In the material below, find the line containing "Hey, Nico from" and the line containing "In this second". Output those two lines and all lines between them exactly, without pictures.

Segment Start: Exercise material

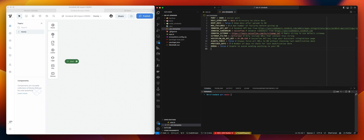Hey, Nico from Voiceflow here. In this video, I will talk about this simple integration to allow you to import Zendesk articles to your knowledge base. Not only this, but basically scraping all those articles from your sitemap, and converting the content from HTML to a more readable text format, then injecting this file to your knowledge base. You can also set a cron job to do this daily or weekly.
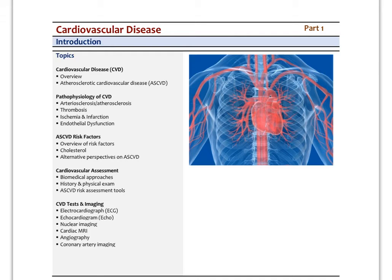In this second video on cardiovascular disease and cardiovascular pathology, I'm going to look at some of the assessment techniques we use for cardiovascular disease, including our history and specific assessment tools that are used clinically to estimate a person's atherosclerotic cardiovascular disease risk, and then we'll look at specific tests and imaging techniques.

Segment End: Exercise material
Segment Start: Exercise material

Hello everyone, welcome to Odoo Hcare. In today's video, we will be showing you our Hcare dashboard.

Segment End: Exercise material
Segment Start: Exercise material

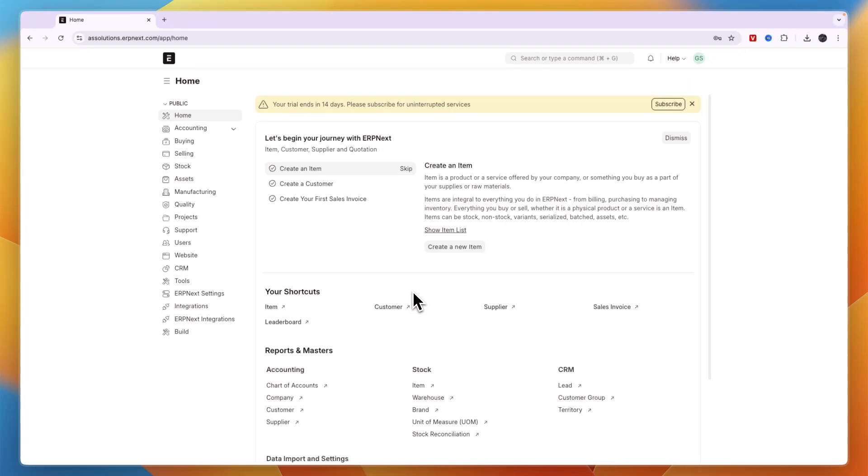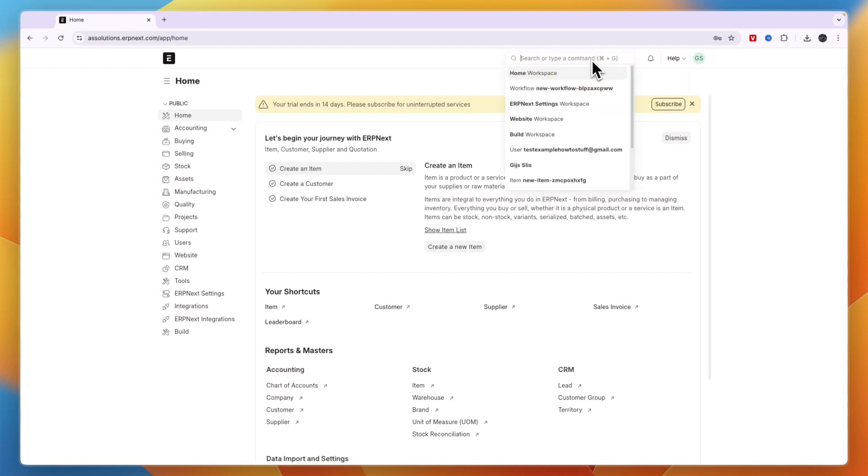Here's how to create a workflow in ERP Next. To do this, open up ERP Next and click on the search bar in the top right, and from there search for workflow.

Segment End: Exercise material

* _Problem solution_:
Hey, Nico from Voiceflow here. In this video, I will talk about this simple integration to allow you to import Zendesk articles to your knowledge base. Not only this, but basically scraping all those articles from your sitemap, and converting the content from HTML to a more readable text format, then injecting this file to your knowledge base. You can also set a cron job to do this daily or weekly.
In this second video on cardiovascular disease and cardiovascular pathology, I'm going to look at some of the assessment techniques we use for cardiovascular disease, including our history and specific assessment tools that are used clinically to estimate a person's atherosclerotic cardiovascular disease risk, and then we'll look at specific tests and imaging techniques.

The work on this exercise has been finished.